The China Securities Depository and Clearing Corporation Co., Ltd (CSDC) plans to further cut the minimum settlement reserve fund payment ratio for stock-related businesses starting from October 2023 in order to further improve the efficiency of market fund utilization and optimize the management of settlement reserve funds, the CSDC said in a statement late on Thursday.

The ratio will be lowered to an average of nearly 13% from the current ratio of 16%, and the CSDC will implement a differentiated arrangement for the minimum settlement reserve fund payment ratio for stock businesses, it said.

Securities settlement reserves are funds placed by brokers in their accounts with the CSDC to settle securities and non-trading transactions, and are known commonly as ‘reserve funds.’ A lower ratio can free up funds to the entire market, improve the efficiency of capital, and, according to Dongxing Securities, also help boost the return on equity and profit expectations of the securities sector.
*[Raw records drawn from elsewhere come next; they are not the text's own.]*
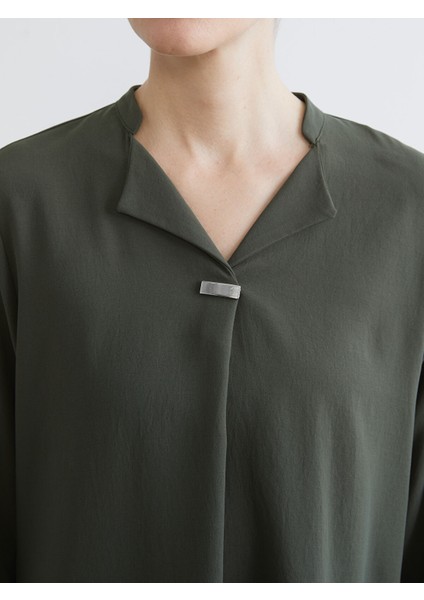 Yeni Sezon Kaçık Yaka Bluz modelleri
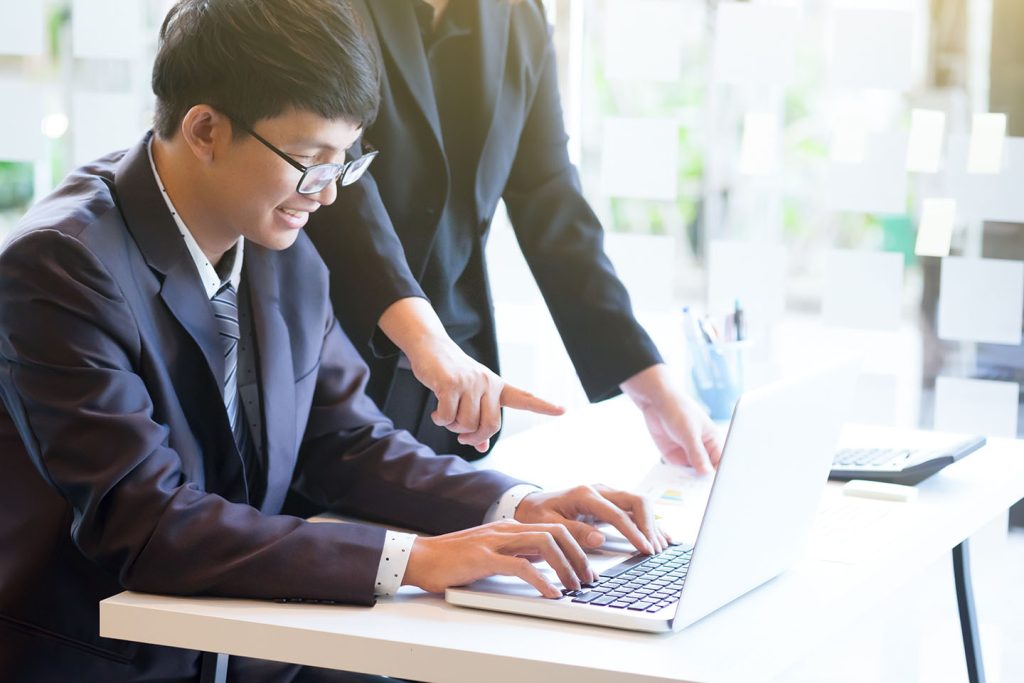 business-people-meeting-discuss-situation-market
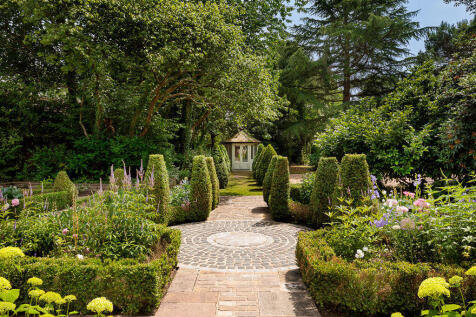 fir_tree_cottage_...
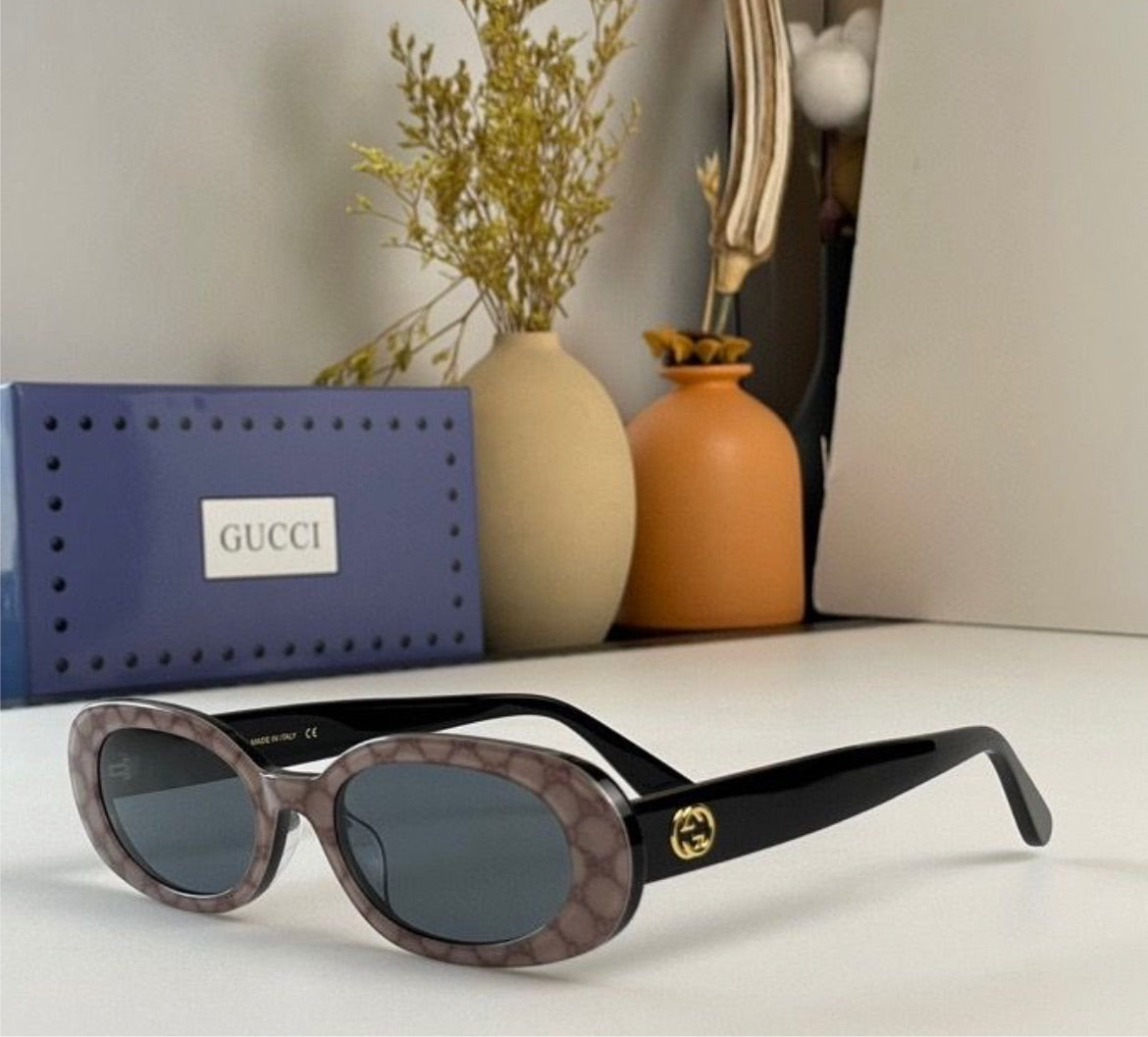 New Woman Gucci frames /sunglasses
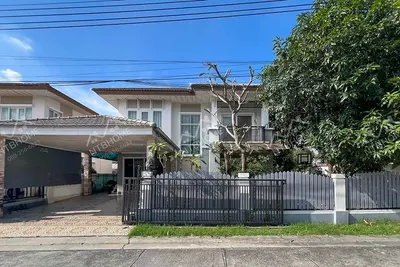 MRT 邦拉诺伊塔伊站附近的3房独栋住宅出售，第1张，共5张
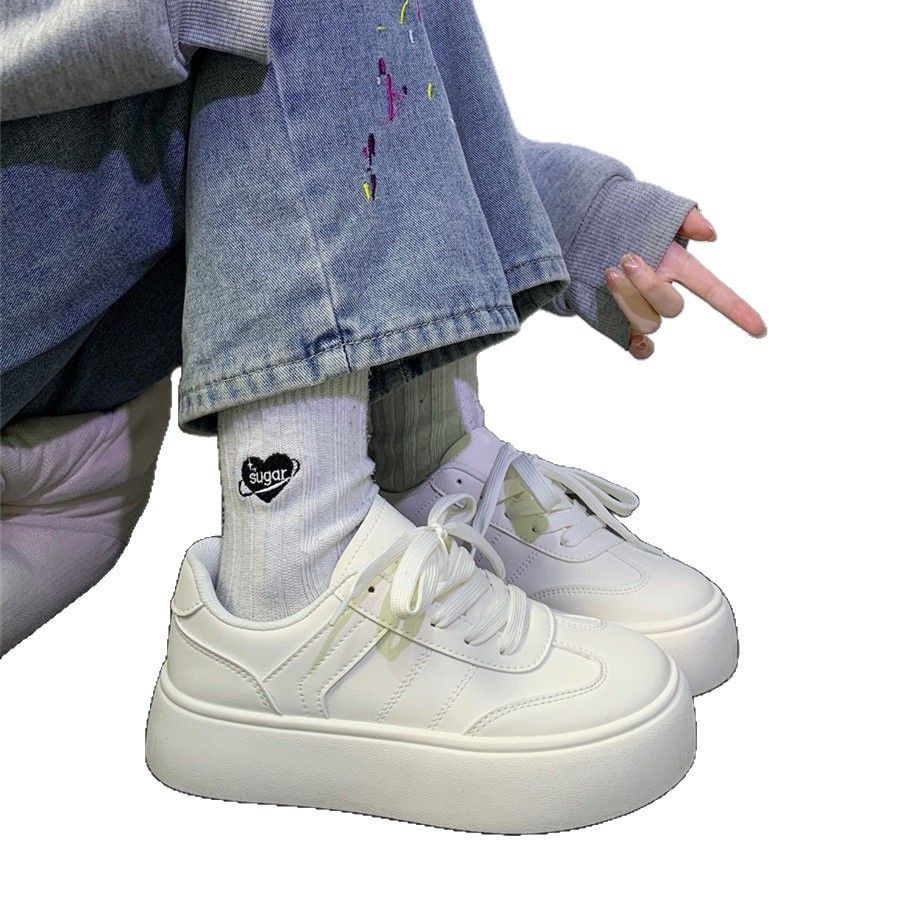 Zapatos casuales de suela gruesa para mujeres 2025 primavera nuevos zapatos blancos para mujeres muffin base universal zapatos deportivos cómodos transpirables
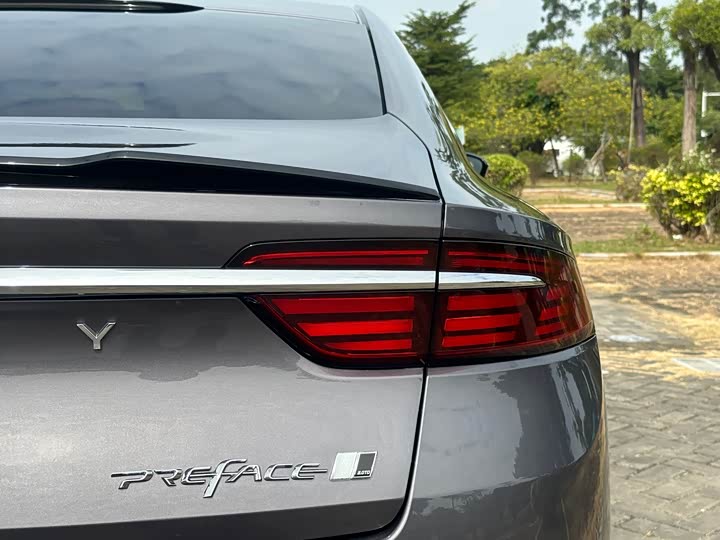 Фото 14 - Geely Preface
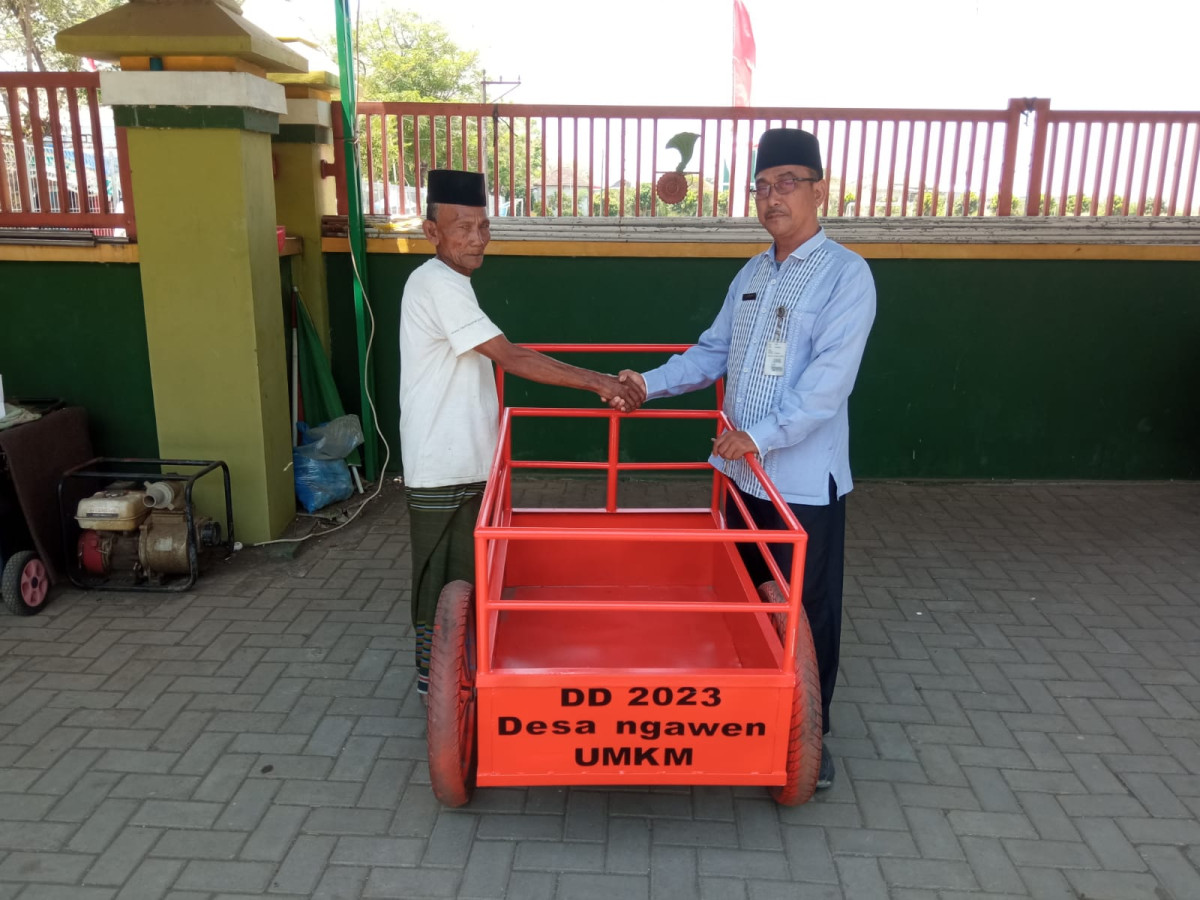 bantuan grobak dorong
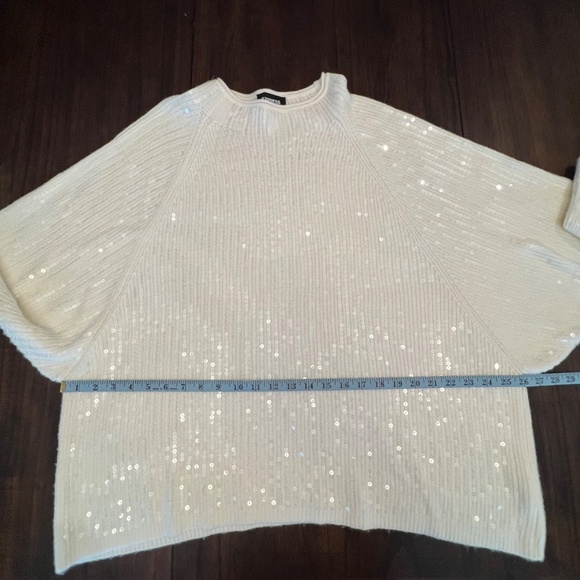 Express Women's Ivory Cream Sequined Batwing Sweater, Size XL - Picture 10 of 10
The CSDC lowered the minimum settlement reserve fund payment ratio by two percentage points last year and in 2019, bringing it down from 20%.

The Politburo of the Communist Party’s Central Committee at a key policy meeting last month vowed to stimulate the vitality of the capital market and the China Securities Regulatory Commission (CSRC) has pledge to improve rules and regulations to boost capital market activities.